Hoy parece que la cosa en general se está desespesando, llevo toooodo un día sin toparme con el número 48, no siento a Klodia ( mi perrita ex-callejera tuerta orate ) y a mí tan solas en el estudio ( Bill murió el martes , el mismo día en que un hombre negro ganó la presidencia de EU, el día en que un avión se desplomó sobre las calles del DF, en un día histórico ) y las pilas van lentamente cargándose. Lo que no se desespesa es la mezcla que acabo de preparar para imprimar algunos bastidores, usé sellador comex en vez de mobilit y la cosa no se ve muy normal. Mi mini-estudio está hecho un desmadre; tablas, bastidores, trabajos, sillas, el clóset, cuadros, pilas de papeles, la cama de Klo, mi restirador, zapatos, libros, el rotafolio, la caja donde guardo todos mis aditamentos para el tianguis y los trabajos de las doce personas ciegas a quienes tuve el honor de darles clases pintura el mes pasado ( gente que amablemente dió al traste con algunas anquilosadas nociones que tenía yo sobre la pintura ) abarrotan el espacio, en una esquina se yergue un rollo de papel kraft que parece un gigantesco taco dorado; es el trabajo final que los ciegos hicieron en dripping. Ahora tengo que hacer dos cuadros para una colectiva sobre la Virgen de Guadalupe..¿ La mala noticia ? Se me ocurren puras cursilerías.
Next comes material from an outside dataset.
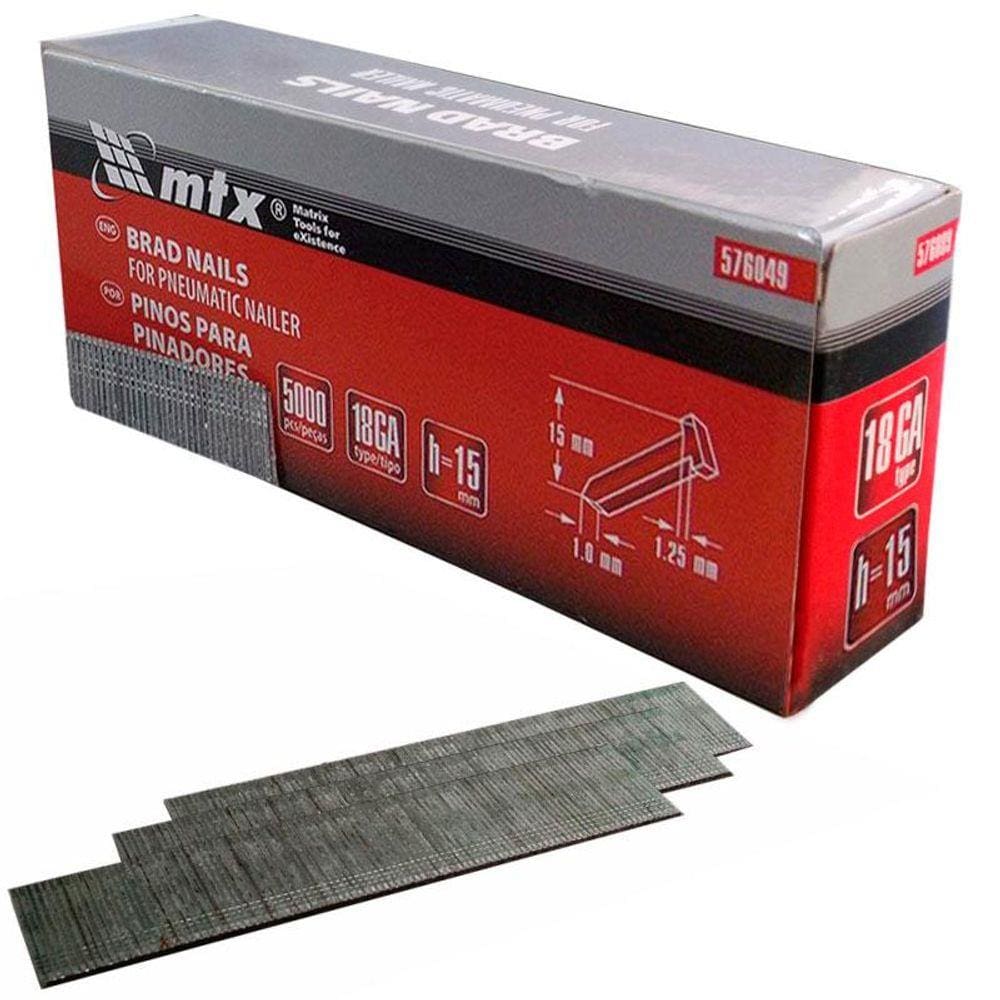 Pinos para Pinador Pneumático F-15 com 5000 Peças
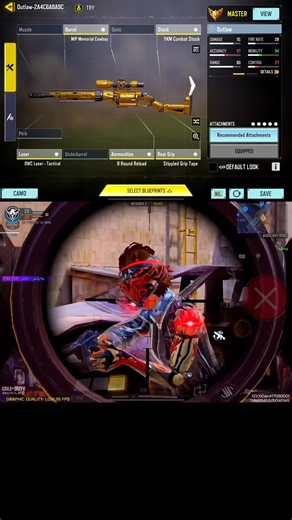 Codm ranked outlaw quick scopes 😮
A finales de este mes abre sus puertas la Galería Apollinarie, participaré con dos piezas, los mantengo informados.
Por las mañanas salgo de mi casa con alguna bufanda de las tres chidas que tengo, pero el frío no me alcanza para pasadas de las once, me subo al camión, la bufanda se transforma en otro bulto en la mochila y el glamour se va al caño.
El sábado en la noche observé como era adoptado directamente de la calle un perrito negro por una pareja; el chuchito en cuestión ya se había instalado al lado mío y me veía como sólo lo saben hacer los perritos. Decidí que si nadie lo ayudaba me lo llevaría a mi casa al final de la noche para encontrarle casa por mi cuenta, pero eso no fué necesario, cuando ví a ese hombre acariciarle la cabeza con sus manazas supe que no tendría que hacer nada.
¡Ahí la lleva la humanidad!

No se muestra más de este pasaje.